→ **DIRECTIONS FOR THIS TASK**: Write out, word for word, the first line of the data below and every line after it through the one containing "LANBERG SZUFLADA DO".

(Data extracted from a collection)
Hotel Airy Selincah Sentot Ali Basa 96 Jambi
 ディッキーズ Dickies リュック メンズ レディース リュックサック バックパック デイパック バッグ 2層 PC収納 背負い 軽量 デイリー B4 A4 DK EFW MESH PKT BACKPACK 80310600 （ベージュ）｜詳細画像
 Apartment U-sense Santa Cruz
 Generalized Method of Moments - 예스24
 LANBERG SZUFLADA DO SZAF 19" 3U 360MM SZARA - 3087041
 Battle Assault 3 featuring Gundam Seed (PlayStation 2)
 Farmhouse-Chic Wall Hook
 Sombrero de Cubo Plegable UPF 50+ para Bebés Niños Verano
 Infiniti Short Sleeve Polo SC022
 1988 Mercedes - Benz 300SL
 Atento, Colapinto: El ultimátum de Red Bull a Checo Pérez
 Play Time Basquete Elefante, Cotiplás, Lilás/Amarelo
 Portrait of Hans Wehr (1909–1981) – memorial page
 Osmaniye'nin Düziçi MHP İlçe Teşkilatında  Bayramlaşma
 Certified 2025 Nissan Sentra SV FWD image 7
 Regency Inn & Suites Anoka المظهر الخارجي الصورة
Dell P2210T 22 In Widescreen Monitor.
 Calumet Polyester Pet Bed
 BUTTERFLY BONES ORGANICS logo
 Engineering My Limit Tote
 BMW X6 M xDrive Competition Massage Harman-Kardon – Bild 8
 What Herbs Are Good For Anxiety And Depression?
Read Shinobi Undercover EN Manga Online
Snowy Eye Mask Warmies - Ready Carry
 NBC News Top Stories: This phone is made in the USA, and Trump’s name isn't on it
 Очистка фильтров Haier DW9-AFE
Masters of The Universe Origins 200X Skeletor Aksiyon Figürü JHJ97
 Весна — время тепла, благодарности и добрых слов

→ **RESPONSE TO THIS EXERCISE**:
Hotel Airy Selincah Sentot Ali Basa 96 Jambi
 ディッキーズ Dickies リュック メンズ レディース リュックサック バックパック デイパック バッグ 2層 PC収納 背負い 軽量 デイリー B4 A4 DK EFW MESH PKT BACKPACK 80310600 （ベージュ）｜詳細画像
 Apartment U-sense Santa Cruz
 Generalized Method of Moments - 예스24
 LANBERG SZUFLADA DO SZAF 19" 3U 360MM SZARA - 3087041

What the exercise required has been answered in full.